Science

In Deep Space, Astronauts Will Use Celestial Navigation Like Columbus and Drake

Just because we're building the technology for space travel doesn't mean we won't get lost.

by Neel V. Patel
Helen Klus

Automated or not, today’s planes, boats, and automobiles are deeply dependent on satellite-based systems, like GPS, to get around. This system makes a great deal of sense for Earthly movement: Triangulation makes it possible for any given three satellites to pinpoint a location on the ground with impressive speed and accuracy. Because this technology has been so universally adopted, it’s easy to think of navigation as a problem mankind has already solved. This is true-ish on Earth and definitively false in space, where GPS definitely doesn’t work. So, how exactly will we steer ships toward specific destinations in deep space? Let’s just say we’re going to steal a page from Christopher Columbus’s book — the one about celestial navigation, not mass killing.

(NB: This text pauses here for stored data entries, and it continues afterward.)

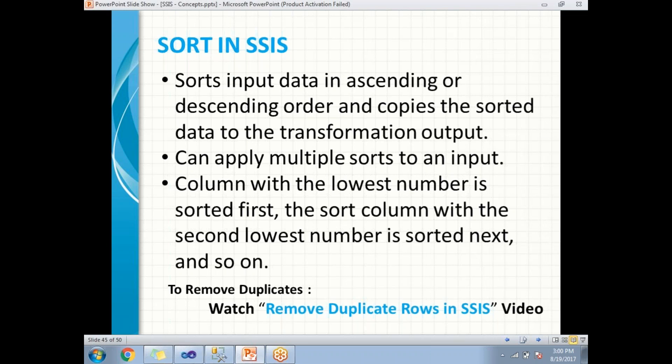The column with the lowest sort order number is sorted first, and so on. If you provide 1, 2, 3, then column 1 is sorted first, column 2 is sorted second, and so on. This is about Sort Transformation.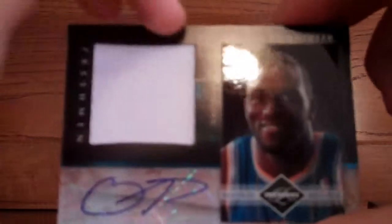Next is this Quincy Pondexter jumbo jersey auto number 80 out of 99. Next is this Shane Battier base card number out of 149. Okay, now this last Limited that he opened was actually the best one that he did today.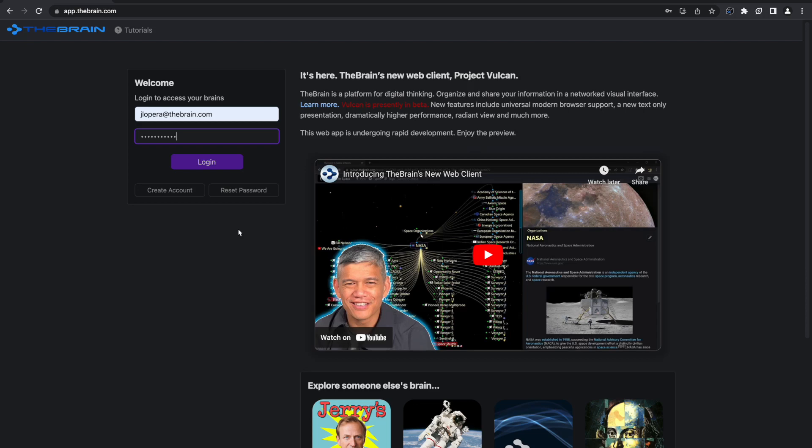Hi there, I'm Juan with the Brain Technologies, and in the next couple of minutes, I'm going to give you a quick overview of our exciting new AI features. Let's dive right in.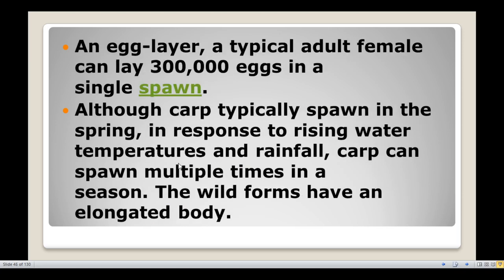It is an egg layer. A typical adult female can lay 3 lakh eggs in a single spawn. In response to raising water temperatures and rainfall, carp can spawn multiple times in a season. When water temperature is raised in artificial ponds, fish can spawn several times in a season. The wild forms have an elongated body.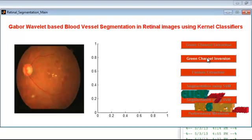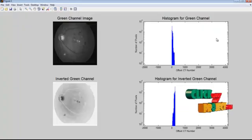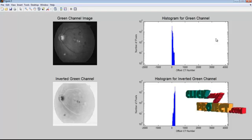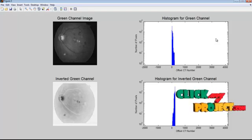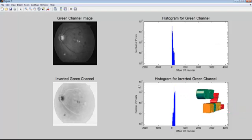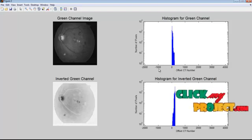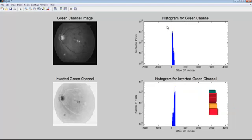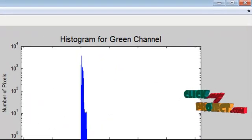Next, we apply green channel inversion before application to the wavelet transform, so that the vessels appear brighter than the background. This also shows the corresponding histogram for the green channel and the inverted green channel.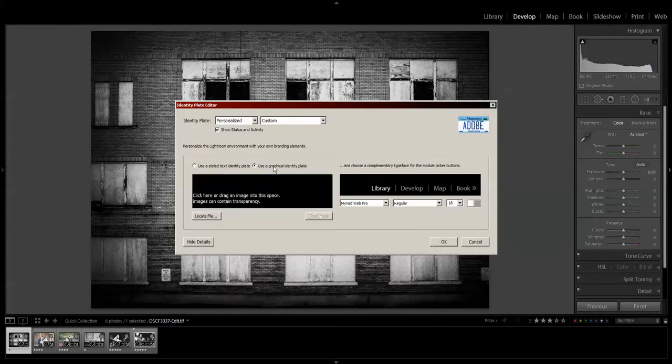You're also able to use a graphical identity plate. You can drag a transparent GIF or just a regular image file into that spot if you so choose.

NASA has developed a variety of tools to allow it to orient its probes and understand their location in relation to the Earth and other space landmarks. The New Horizons spacecraft, for example, relies on the agency’s Deep Space Network, the world’s largest and most sensitive telecommunications system. The DSN is basically a series of three facilities in California, Spain, and Australia. Each facility has giant radio antennas that facilitate communications across extremely large distances in outer space. Combined, they allow tools like New Horizons to stay in touch with ground control even at a distance of 1.4 million miles from Earth, well into the Kuiper Belt.

But there’s a catch. As we go further, radio signals will become impossible to detect and fly-by-wire won’t work. The question, as we start to explore other star systems within the galaxy, will become how to steer ships disconnected from the Earth. Even if we can relay signals effectively, there is always the possibility — likelihood really — of a systems outage. How would deep space astronauts or robots be able to orientate without an Earthly connection?

They’d have to look out the window.

The same way ancient mariners used constellations to determine their direction, future astronauts traveling to unknown worlds will use the location of certain stars in outer space as bearings for where they are. In some instances, this will actually be easier: Humans headed to a specific world orbiting a specific star will have a natural reference point. But it won’t always be that easy and it’s never a fantastic idea to orientate around just one point, because your relationship with that point tells you little about your location in space. This is why scientists say deep space explorers are going to need a better system. The best idea they’ve come up with? Using pulsars as signal buoys.

Pulsars are neutron stars that rotate and emit beams of radiation at various speeds. They pulsate so regularly that each one acts almost like a clock on their own millisecond-scale pace. So the idea is to create an deep space GPS-type system by tracking the location of different pulsars based on their different pulse rates, and draft up a navigation system where telescopes on a spacecraft can measure the pulsing rates of these bodies, and use a special software to allow a spacecraft to know exactly where it is in space.

The idea, in short, is to navigate by and through the stars by assuming a fixed relationship between them or consistently calculating variability.

It’s also important to note that you want to have a reference point for where you began. And in the future, Earth will be that reference. Unfortunately, Earth is not a bright ball of energy capable of emitting light across interstellar distances. So we have to look towards other properties to measure that would make Earth easy to follow. One idea that has some traction is to augment magnetometer technology to a point where a distant spacecraft can “find” Earth through its magnetic field.

Overall, the lessons of navigating large waters using the stars is going to play a revived role in interstellar space travel. I think it’s safe to say there’s something wonderfully romantic about that notion.